§ ASSIGNMENT
All lines from the one containing "2013 Jaguar XJ" down to the one containing "A bedroom with a bed, a bathroom", both ends included, are to be given again exactly; omit the rest of the listing below.

§ GIVEN ENTRIES
━━━━━━━━━━━━━━━━━━━━━━━━━━━━━━
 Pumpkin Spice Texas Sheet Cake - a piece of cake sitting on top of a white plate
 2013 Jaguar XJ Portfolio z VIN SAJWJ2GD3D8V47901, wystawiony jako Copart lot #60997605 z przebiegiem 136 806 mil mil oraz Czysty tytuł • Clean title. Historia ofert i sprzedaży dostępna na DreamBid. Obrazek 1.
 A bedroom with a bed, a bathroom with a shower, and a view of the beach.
━━━━━━━━━━━━━━━━━━━━━━━━━━━━━━
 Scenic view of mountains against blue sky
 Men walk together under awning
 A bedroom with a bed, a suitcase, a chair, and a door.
━━━━━━━━━━━━━━━━━━━━━━━━━━━━━━
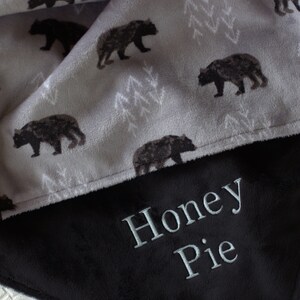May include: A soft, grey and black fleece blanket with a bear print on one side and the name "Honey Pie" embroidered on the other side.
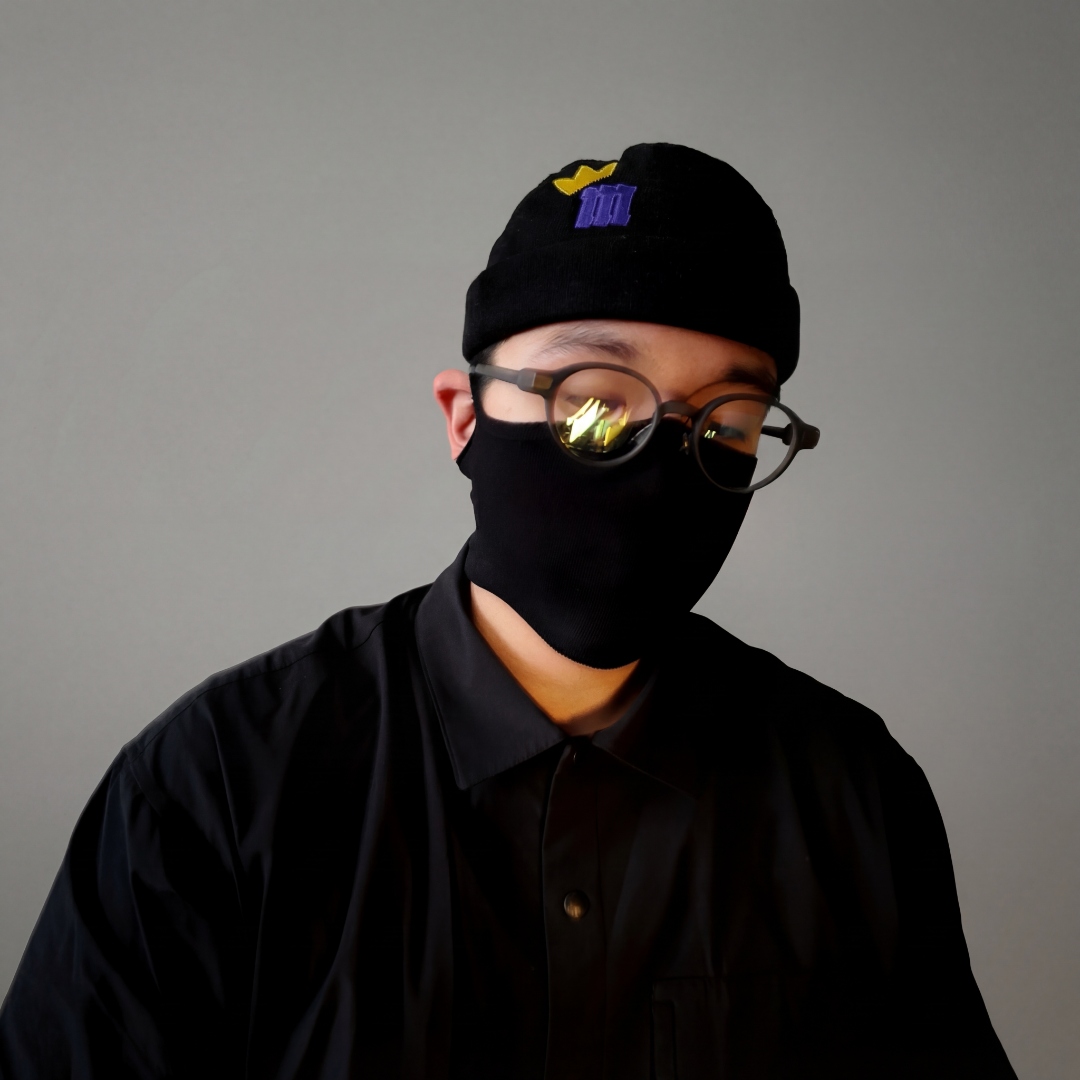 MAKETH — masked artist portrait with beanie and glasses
━━━━━━━━━━━━━━━━━━━━━━━━━━━━━━
§ ANSWER TO THE PROBLEM
 2013 Jaguar XJ Portfolio z VIN SAJWJ2GD3D8V47901, wystawiony jako Copart lot #60997605 z przebiegiem 136 806 mil mil oraz Czysty tytuł • Clean title. Historia ofert i sprzedaży dostępna na DreamBid. Obrazek 1.
 A bedroom with a bed, a bathroom with a shower, and a view of the beach.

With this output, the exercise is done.